I'm looking at chapter 4 of Waterhouse's *"Abelian varieties over finite fields"*; and Theorems 4.1 and 4.2 seem to use the following fact:

Suppose that $E/\mathbb{F}_q$ is an elliptic curve over a finite field with $q=p^n$ elements and let $\pi_E$ denote the $q$th-power Frobenius map acting on $E$. Suppose that $\pi_E$ does not act like multiplication-by-$N$ for any integer $N$ so that $\pi_E = [\alpha]_E$ where $\alpha$ is a root of the polynomial $$x^2 - \mathrm{tr}(\pi_E)x + q$$ Then $E$ is ordinary if and only if $p$ is splits in $\mathbb{Q}(\alpha)$.

Waterhouse uses some very general theory (namely a theorem of Honda/Tate and the general theory of abelian varieties) and I find his reasoning/terminology vague. Does anybody know of a more down to earth proof for this result?

Lang has a proof utilitizing the fact that $End(E)\to End(T_p(E))$ is injective; but i'm trying to find proofs that don't use local methods

**EDIT:** Update on attempt: Here is a proof attempt; perhaps someone can help me finish it off.

We prove $E$ is supersingular if and only if $p$ is non-split in $\mathbb{Q}(\alpha)$.

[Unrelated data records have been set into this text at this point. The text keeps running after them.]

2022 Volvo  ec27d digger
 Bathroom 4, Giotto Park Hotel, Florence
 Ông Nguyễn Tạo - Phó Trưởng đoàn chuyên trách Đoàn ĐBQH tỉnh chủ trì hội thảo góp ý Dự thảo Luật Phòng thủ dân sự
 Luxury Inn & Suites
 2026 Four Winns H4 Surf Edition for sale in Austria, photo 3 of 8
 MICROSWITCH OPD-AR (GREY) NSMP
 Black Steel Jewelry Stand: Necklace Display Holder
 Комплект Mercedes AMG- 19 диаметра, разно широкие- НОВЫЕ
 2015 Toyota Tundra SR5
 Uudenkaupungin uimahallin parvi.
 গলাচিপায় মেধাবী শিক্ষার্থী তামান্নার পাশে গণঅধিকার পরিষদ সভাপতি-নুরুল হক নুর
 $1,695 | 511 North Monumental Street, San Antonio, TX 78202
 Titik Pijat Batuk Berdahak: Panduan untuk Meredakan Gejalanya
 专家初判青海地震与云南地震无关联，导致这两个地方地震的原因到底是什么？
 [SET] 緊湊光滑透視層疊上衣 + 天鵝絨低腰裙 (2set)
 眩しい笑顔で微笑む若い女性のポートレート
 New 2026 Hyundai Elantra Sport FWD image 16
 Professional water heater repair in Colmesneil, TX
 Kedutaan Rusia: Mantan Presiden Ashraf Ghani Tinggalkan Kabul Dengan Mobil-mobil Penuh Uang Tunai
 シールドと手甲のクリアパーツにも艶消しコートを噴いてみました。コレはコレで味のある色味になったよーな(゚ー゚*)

First suppose that $p$ is non-split. If $p$ is inert, then since $\alpha$ has norm $q = p^n$, it follows that $p$ divides $(\alpha)$ and so $E[p]\subseteq E[\pi_E] = \{O \}$; thus $E$ is supersingular. If $p$ ramifies then $p$ divides the discriminant of $\mathbb{Q}(\alpha)$ and so $p$ divides $\mathrm{tr}(\pi_E)^2 - 4q$, which implies that $p$ divides $\mathrm{tr}(\pi_E)$ and so $E$ is supersingular;

Conversely, suppose that $E$ is supersingular. Suppose that $p$ splits as $(p) = \mathfrak{p}\overline{\mathfrak{p}}$. Then $(\alpha) = \mathfrak{p}^a\overline{\mathfrak{p}}^b$ where $a+b=n$. However, since $E$ is supersingular $\alpha^N \in \mathbb{Z}$ for some positive integer $N$. Which implies that $(\alpha)^N = \mathfrak{p}^{Na}\overline{\mathfrak{p}}^{Nb}$ and so $Na=Nb$ since $(\alpha^N) = \overline{(\alpha^N)}$. Therefore $a=b$ and so $(\alpha) = \mathfrak{p}^a \overline{\mathfrak{p}}^a = (p^a)$ where $a=n/2$. This implies that $\alpha = \zeta p^{a}$ for some unit $\zeta$. This is where I am stuck.

Any help would be appreciated.